Faits saillants de l’Enquête sur la population active du mois d’août 2009

10 septembre 2009

· Le secteur du tourisme a affiché, au cours du mois d’août 2009, un taux de chômage global de 7,5 %, soit un niveau moins élevé que le taux national moyen, qui se situait à 8,7 %.

· Depuis le mois d’octobre 2008, on dénombre 387 000 pertes d’emploi au Canada, tous secteurs confondus. Cependant, plus de 92 % des emplois perdus l’ont été entre novembre 2008 et mars 2009. Au cours des cinq derniers mois, seulement 31 000 pertes d’emploi ont été constatées.

· Malgré cette tendance favorable, l’été 2009 a été l’une des saisons les plus difficiles au point de vue de l’emploi pour les étudiants de 15 à 24 ans. En effet, le taux de chômage moyen de ce groupe de travailleurs a atteint les 19,2 % au cours de la saison estivale, ce qui constitue le second taux le plus élevé depuis 1977, année où l’on a commencé à compiler ce type de données.

· Parmi les sous-secteurs du tourisme, c’est celui de la restauration qui a enregistré le taux de chômage le plus élevé en août, soit 9,0 %, malgré le fait que le taux d’emploi dans les débits de boisson était légèrement en hausse par rapport à la même période l’an dernier. Les pertes d’emploi dans le sous-secteur de l’hébergement se poursuivent également, le taux de chômage s’y élevant maintenant à 7,6 %.

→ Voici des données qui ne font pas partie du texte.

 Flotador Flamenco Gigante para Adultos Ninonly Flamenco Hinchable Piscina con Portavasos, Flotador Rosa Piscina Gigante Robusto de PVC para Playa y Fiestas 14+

· L’emploi dans le sous-secteur des loisirs et divertissements s’est assez bien maintenu au mois d’août. Bien que le taux de chômage mensuel s’élevait à 5,0 %, ce résultat était en hausse de seulement 0,5 % par rapport au mois d’août 2008. De plus, les taux de chômage rapportés dans de nombreux secteurs d’activité composant le sous-secteur des loisirs et divertissements étaient moins élevés en août 2009 qu’en août 2008.

· D’un point de vue régional, les taux de chômage constatés dans les secteurs du tourisme de l’Ontario et du Québec étaient plus élevés que ceux des autres provinces et territoires canadiens. On peut notamment expliquer cette situation par l’importance accrue du tourisme dans l’économie de ces deux provinces, mais aussi par une baisse des dépenses touristiques attribuable aux difficultés économiques plus marquées que connaissent ces deux régions dans les secteurs de la fabrication, de la construction et de l’automobile.